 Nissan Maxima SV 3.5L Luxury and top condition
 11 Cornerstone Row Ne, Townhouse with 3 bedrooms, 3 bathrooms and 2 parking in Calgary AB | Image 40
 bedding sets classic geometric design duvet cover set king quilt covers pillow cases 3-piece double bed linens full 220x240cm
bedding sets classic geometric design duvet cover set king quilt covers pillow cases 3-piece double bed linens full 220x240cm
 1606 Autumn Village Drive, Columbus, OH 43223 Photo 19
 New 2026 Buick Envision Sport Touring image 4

══════════

Transcribe the full listing exactly, omitting nothing.

* **Answer for the task**
 Nissan Maxima SV 3.5L Luxury and top condition
 11 Cornerstone Row Ne, Townhouse with 3 bedrooms, 3 bathrooms and 2 parking in Calgary AB | Image 40
 bedding sets classic geometric design duvet cover set king quilt covers pillow cases 3-piece double bed linens full 220x240cm
bedding sets classic geometric design duvet cover set king quilt covers pillow cases 3-piece double bed linens full 220x240cm
 1606 Autumn Village Drive, Columbus, OH 43223 Photo 19
 New 2026 Buick Envision Sport Touring image 4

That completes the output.